Retrospect Program or Portfolio Meeting
A retrospective held at the program or portfolio level that parallels a Retrospect Release Meeting, but occurs far less often due to its broader scope and strategic focus.
Key Points
- Focuses on cross-team, cross-product learning and improvement at the program or portfolio scale.
- Occurs less frequently than release retrospectives (often quarterly or at major milestones).
- Brings together program/portfolio leadership, key stakeholders, product management, and representatives from delivery teams.
- Produces high-level improvement actions, governance or policy adjustments, and roadmap or investment changes.
Example
After two quarters, a portfolio leadership group reviews outcomes from multiple release retrospectives, examines portfolio KPIs, and identifies systemic bottlenecks in dependency management. They decide to standardize integration practices, adjust funding between value streams, and create a portfolio-level improvement backlog to be tracked in the next planning increment.
PMP Example Question
Which statement best describes a Retrospect Program or Portfolio Meeting?
- A team-level ceremony held every sprint to inspect and adapt team practices.

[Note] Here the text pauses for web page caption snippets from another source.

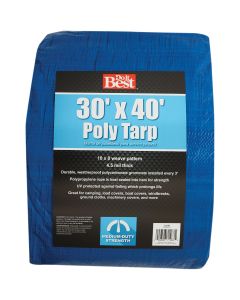 Do it Best Blue Woven 30 Ft. x 40 Ft. Medium Duty Poly Tarp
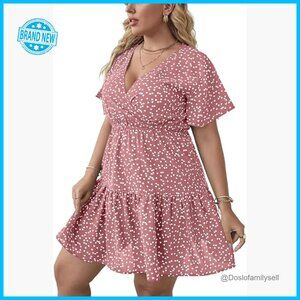 Plus Size Wrap V Neck Ruffle Hem A Line Short Dress Chic Casual Summer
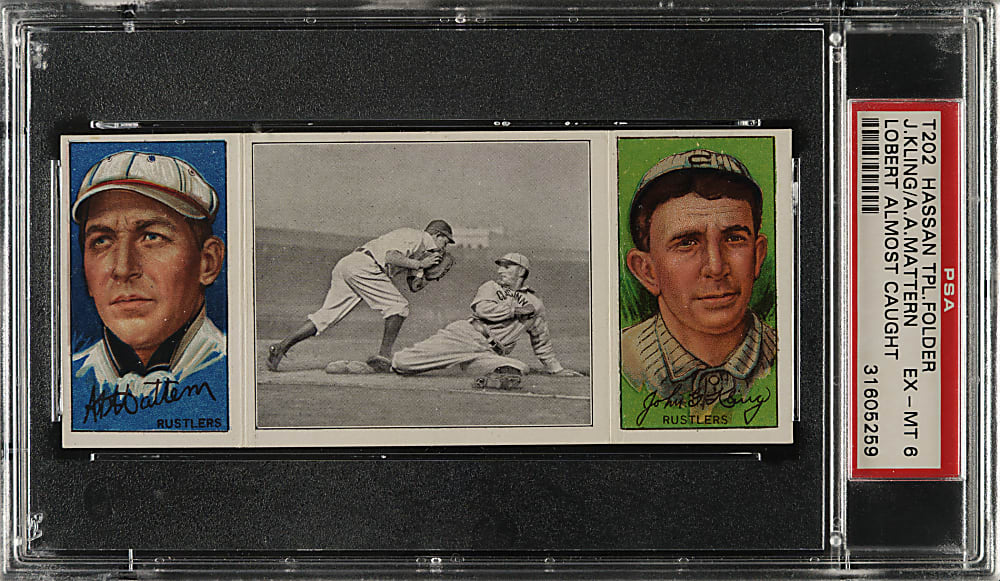 1912 T202 Hassan Triple Folder "Lobert Almost Caught" Mattern/Kling PSA EX-MT 6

- A program/portfolio-level retrospective, similar to a release retrospective, but convened less frequently to address systemic improvements.
- A detailed technical review conducted after each user story is completed.
- A status meeting used to report percent complete for all projects in the portfolio.
Correct Answer: B — A higher-level retrospective held less often to improve program or portfolio performance
Explanation: Unlike team or release retrospectives, this meeting examines cross-team, strategic issues and therefore happens less frequently.